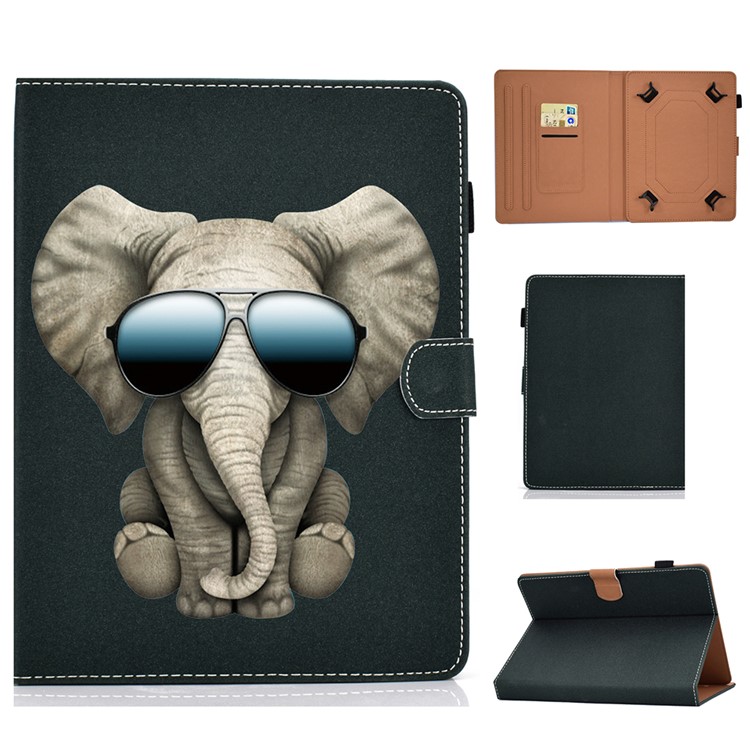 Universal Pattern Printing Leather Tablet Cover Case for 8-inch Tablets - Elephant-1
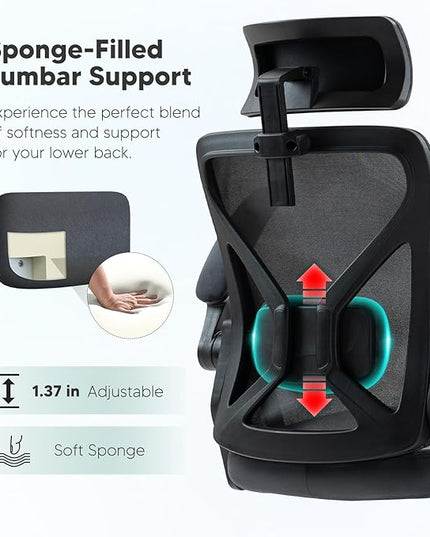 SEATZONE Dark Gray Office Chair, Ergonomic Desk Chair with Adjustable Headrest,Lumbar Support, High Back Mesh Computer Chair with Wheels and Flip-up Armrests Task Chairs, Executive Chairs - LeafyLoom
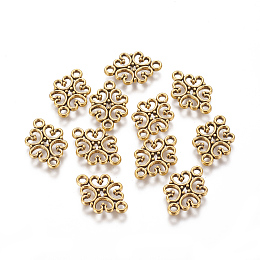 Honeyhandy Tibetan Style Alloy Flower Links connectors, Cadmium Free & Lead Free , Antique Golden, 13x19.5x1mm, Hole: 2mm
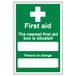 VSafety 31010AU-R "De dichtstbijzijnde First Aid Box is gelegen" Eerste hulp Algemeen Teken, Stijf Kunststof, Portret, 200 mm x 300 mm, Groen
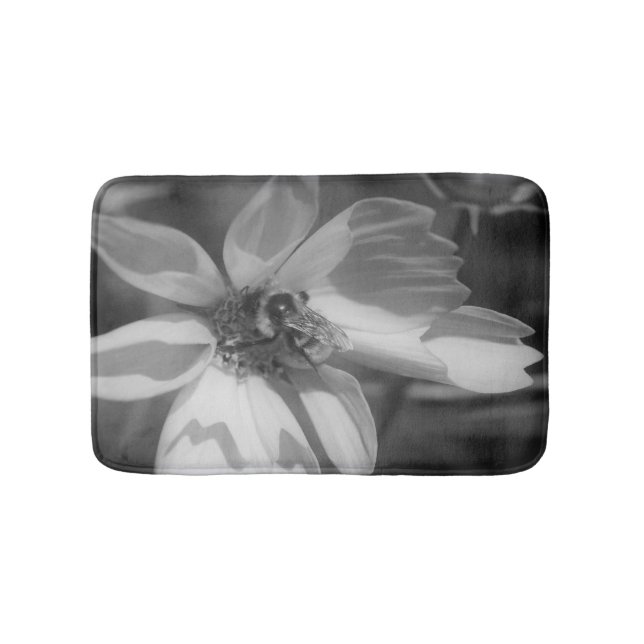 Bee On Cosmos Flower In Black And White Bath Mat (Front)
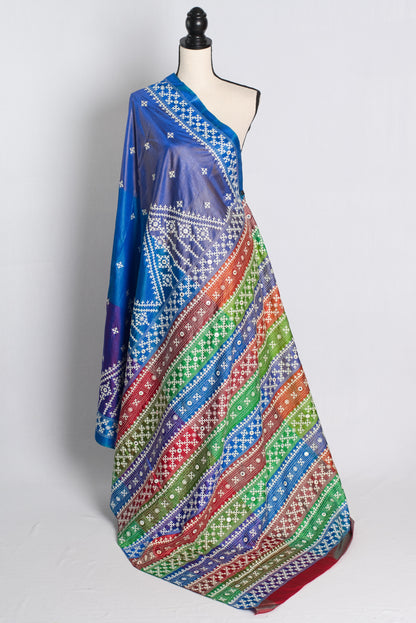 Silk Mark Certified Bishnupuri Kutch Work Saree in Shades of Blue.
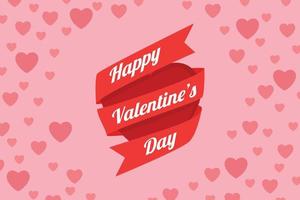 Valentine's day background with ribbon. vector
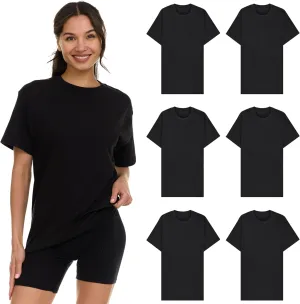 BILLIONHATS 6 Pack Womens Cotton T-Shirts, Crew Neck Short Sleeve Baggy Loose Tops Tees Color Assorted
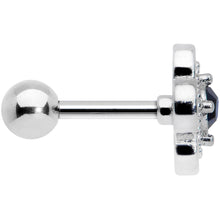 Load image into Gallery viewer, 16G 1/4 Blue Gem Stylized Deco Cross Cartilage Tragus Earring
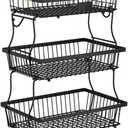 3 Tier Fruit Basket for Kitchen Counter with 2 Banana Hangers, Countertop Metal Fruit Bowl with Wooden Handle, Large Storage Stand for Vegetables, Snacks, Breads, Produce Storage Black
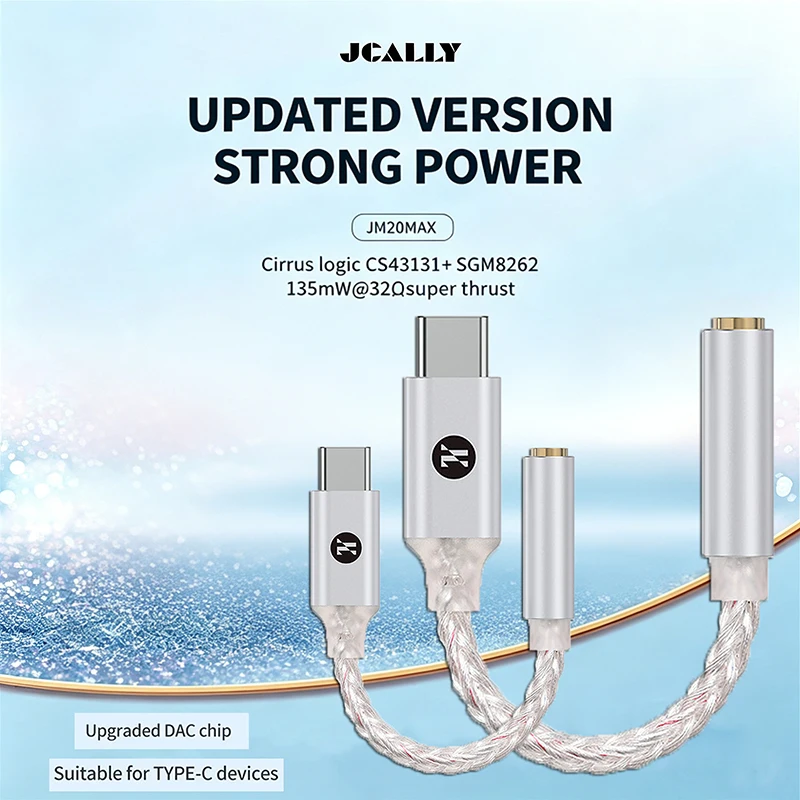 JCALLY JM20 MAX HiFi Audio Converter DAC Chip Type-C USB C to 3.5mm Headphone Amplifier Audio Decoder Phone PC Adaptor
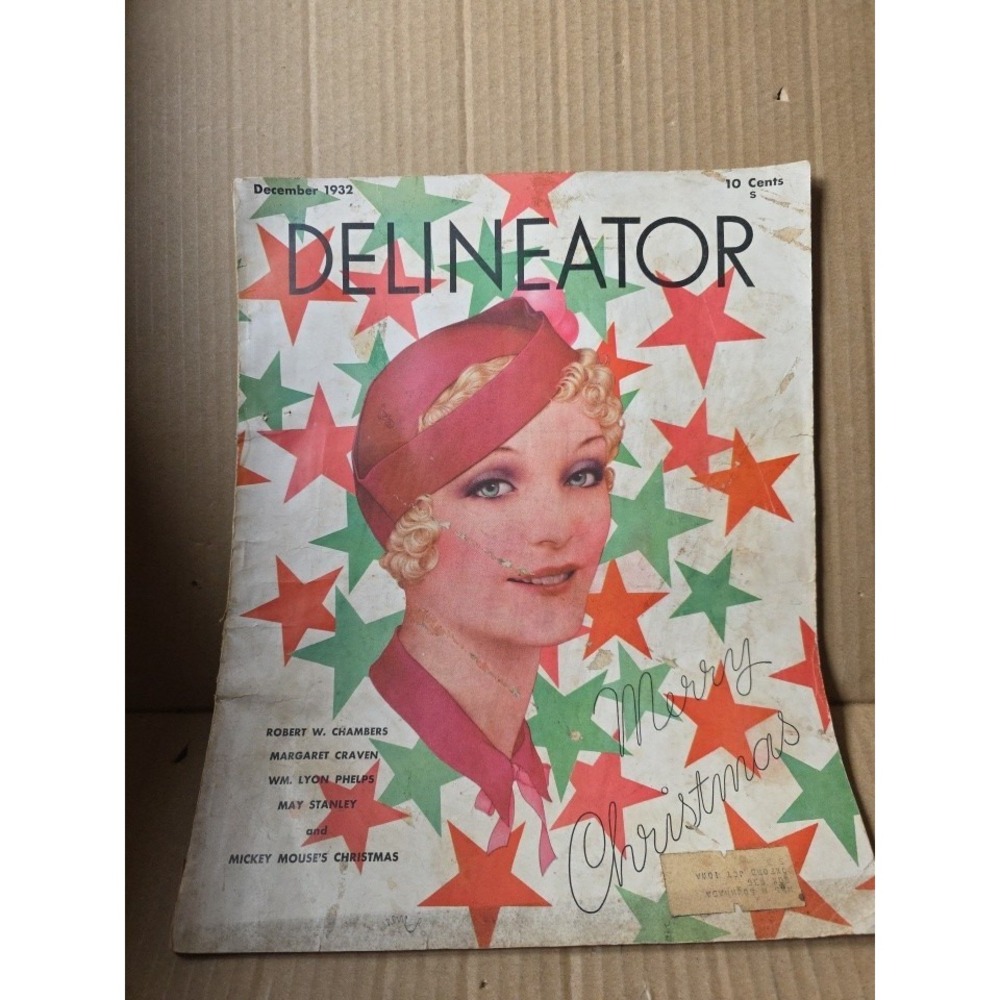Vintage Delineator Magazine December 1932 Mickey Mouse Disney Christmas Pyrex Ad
====================
### Aim of the task
Beginning with the line that contains "3 Tier Fruit", write out the remaining lines of the listing above through the last, exactly and only those, without pictures.

### Response to the exercise
 3 Tier Fruit Basket for Kitchen Counter with 2 Banana Hangers, Countertop Metal Fruit Bowl with Wooden Handle, Large Storage Stand for Vegetables, Snacks, Breads, Produce Storage Black
 JCALLY JM20 MAX HiFi Audio Converter DAC Chip Type-C USB C to 3.5mm Headphone Amplifier Audio Decoder Phone PC Adaptor
Vintage Delineator Magazine December 1932 Mickey Mouse Disney Christmas Pyrex Ad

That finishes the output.